Most readers will be very familiar with NCP car parks given their prevalence. Data on the average age of their car parks is not publicly available but many were built in and remain largely unchanged since the 1960s. These are not complicated assets and do not require complex maintenance or significant upgrades.
Asset depreciation ought to have brought the capital cost of the business down to very low levels and given that many car parks have high occupancy and that parking charges are substantial and have risen rapidly, car parks would seem like a license to print money.
So how do they go bankrupt? The answer is that no owner in the modern economy has an asset which they are content to make a generous perpetual profit on if the can make a stupendous immediate capital gain.
NCP has been the subject of decades of repeated 'debt restructuring'. Put very simply, the company has been stripped of its capital value many times over. One generation of owners chooses to take the profits of every generation to come and banks them now. This is done by loading the company with debt.
You start with a portfolio of car parks with little or no debt from which you are deriving a generous profit. Then you refinance those car parks – effectively mortgage them – and take out all the capital value. Now the car parks have significant debt attached and the profit is marginal or barely paying off the debt.
The owner is now extremely wealthy but the business is struggling. The history of refinancing of NCP is like a microcosm of the wider economy. This began in 1998 with a failed stock market flotation and then the sale of NCP to an American property company.
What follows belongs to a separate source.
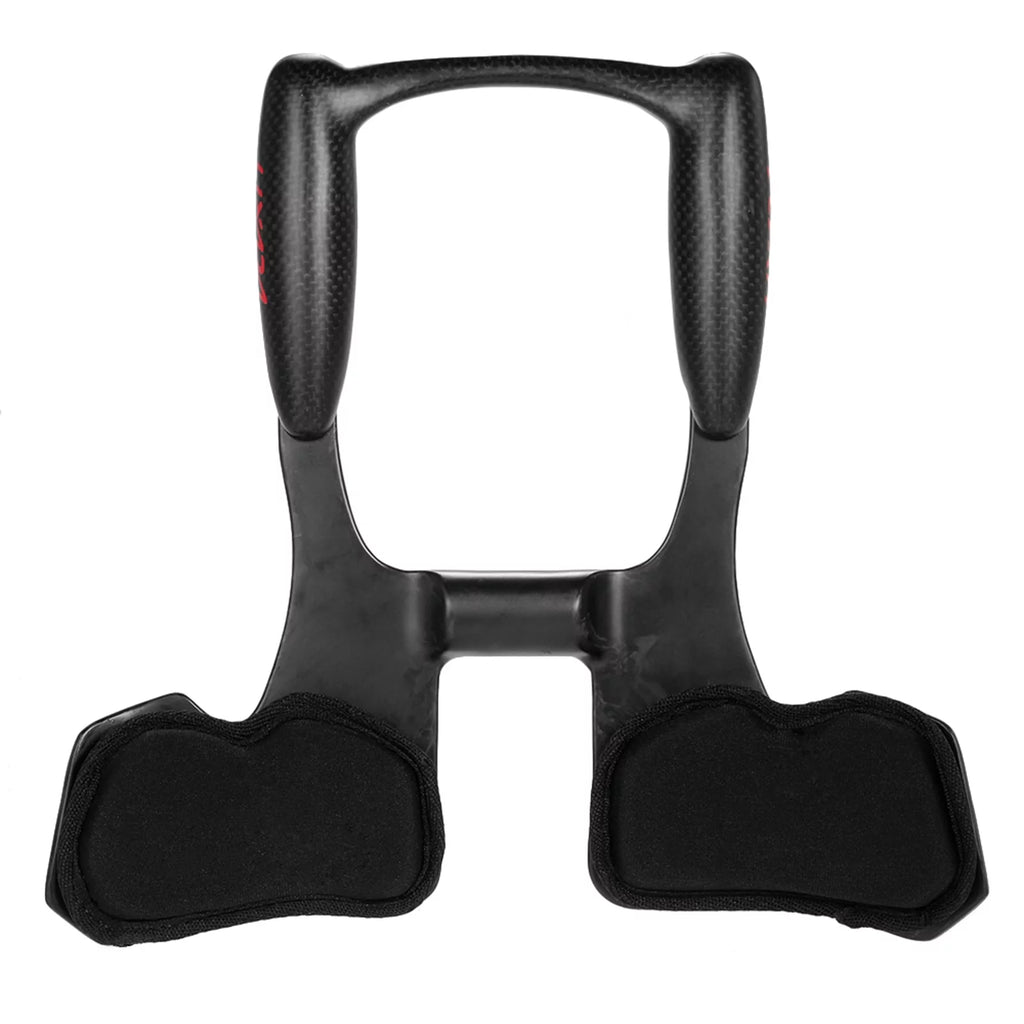Carbon Fiber Aerobar Bike Handlebars N141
It restructured the company and sold it within seven years. That ownership period was only two years before it was sold again for a further ten-year period (but as an outsourcing business which had twice been restructured and refinanced), and then sold again for a nine-year period leading to bankruptcy. It had one owner for its first 70 years.
The point is that for most of us NCP has been a car park operator, but for its serial owners it was always a property portfolio to strip and and chop and extract from – until there was almost no value left.
This matters. Scotland is a rural country with less than comprehensive public transport coverage which makes cars (and therefore parking) all but essential for travel in some parts of the country. Parking is a public service which was run by a family business but has been destroyed by financiers.
The outcome is economic instability and the hollowing out of the economy, the lost of public assets and another unemployment driver. There is no upside to this story for citizens, but there is for the financial elites. The myth is that they have made their money through creation, by investing in the economy.
The truth is more that they made their money through destruction, by carving up and extracting assets which preexisted in the economy. In car parking the resultant dynamic explains why we can't afford public services; the untaxable wealthy load the company with debt and take the money, you pay very high parking charges and so have reduced taxable disposable income.
The solution to this is a new finance system and stronger regulation. The Scottish National Investment Bank was meant to be about investment and stability. It is failing in that role but that can be remedied. We need to change our attitudes. Attracting finance is often taken as the primary goal of government; the NCP case shows it is a threat to our economy wellbeing.